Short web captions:
──────────────────────────────

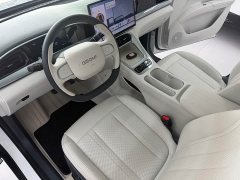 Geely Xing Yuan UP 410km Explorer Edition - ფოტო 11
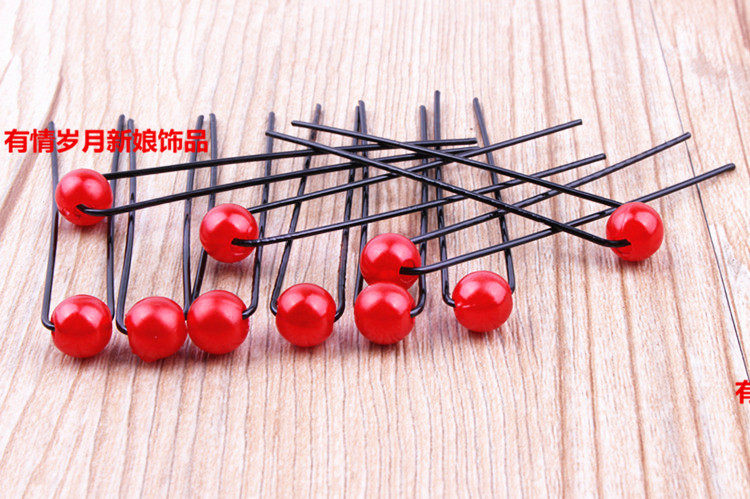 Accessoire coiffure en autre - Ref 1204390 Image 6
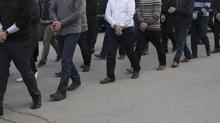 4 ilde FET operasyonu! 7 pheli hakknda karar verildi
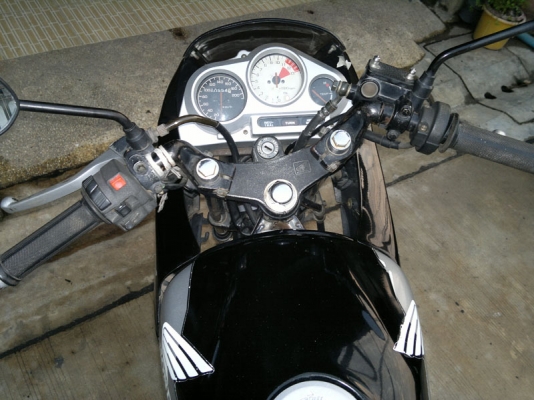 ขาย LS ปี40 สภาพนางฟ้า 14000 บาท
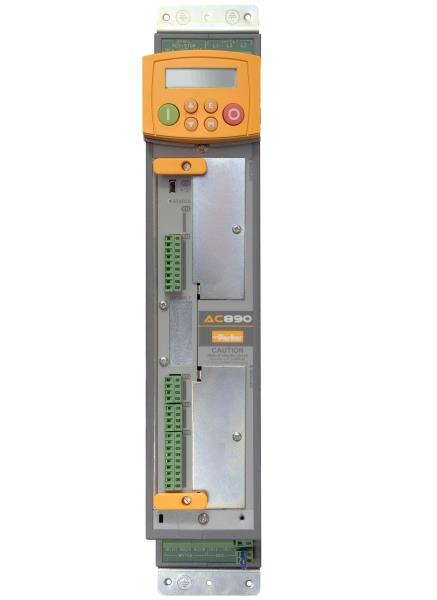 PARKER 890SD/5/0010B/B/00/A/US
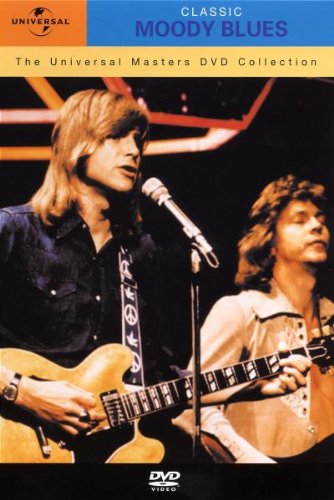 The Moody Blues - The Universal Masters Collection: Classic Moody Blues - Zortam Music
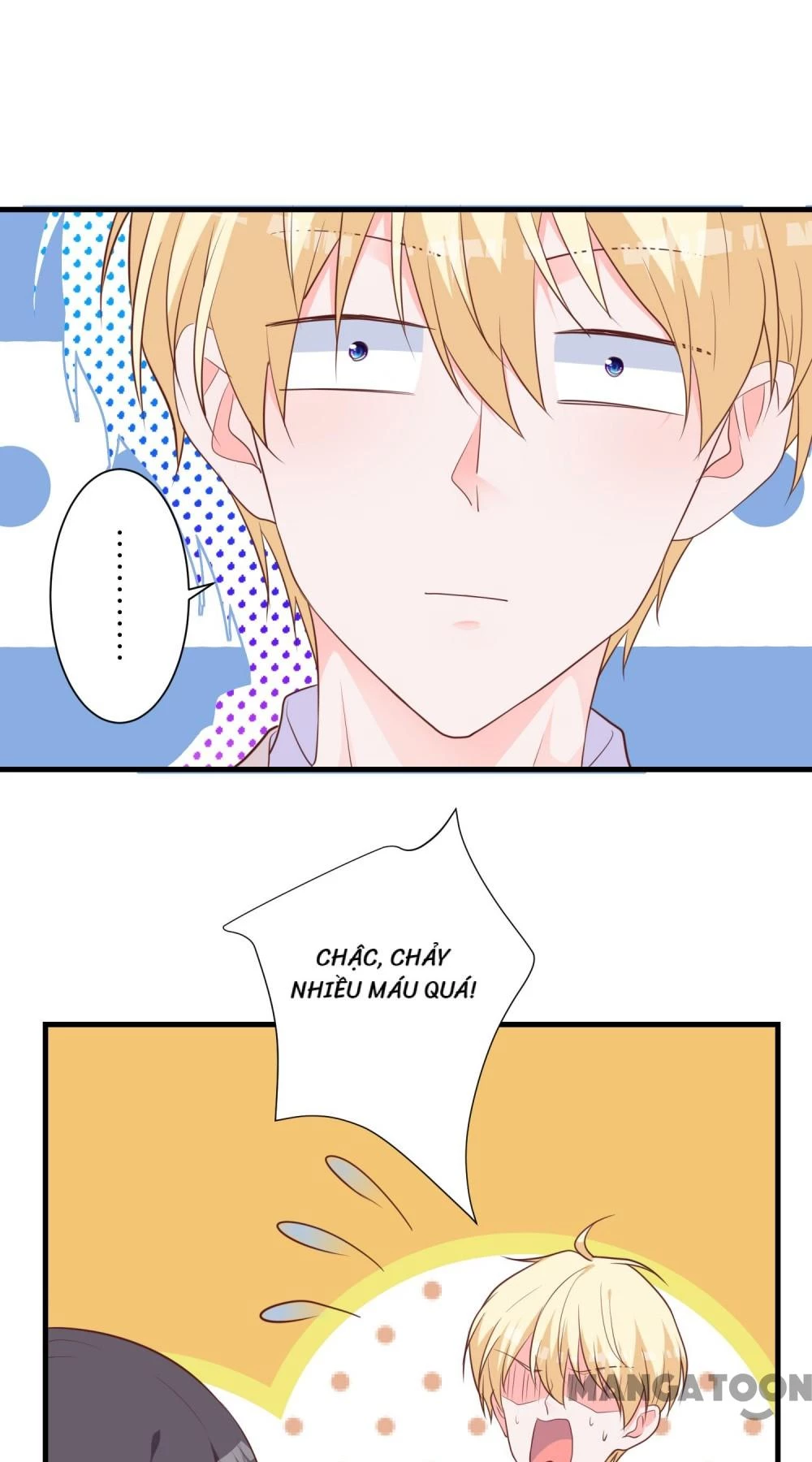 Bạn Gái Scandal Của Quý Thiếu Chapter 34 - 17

──────────────────────────────

From the first line to the last, set down the data exactly, without the pictures.

 Geely Xing Yuan UP 410km Explorer Edition - ფოტო 11
 Accessoire coiffure en autre - Ref 1204390 Image 6
 4 ilde FET operasyonu! 7 pheli hakknda karar verildi
 ขาย LS ปี40 สภาพนางฟ้า 14000 บาท
 PARKER 890SD/5/0010B/B/00/A/US
 The Moody Blues - The Universal Masters Collection: Classic Moody Blues - Zortam Music
 Bạn Gái Scandal Của Quý Thiếu Chapter 34 - 17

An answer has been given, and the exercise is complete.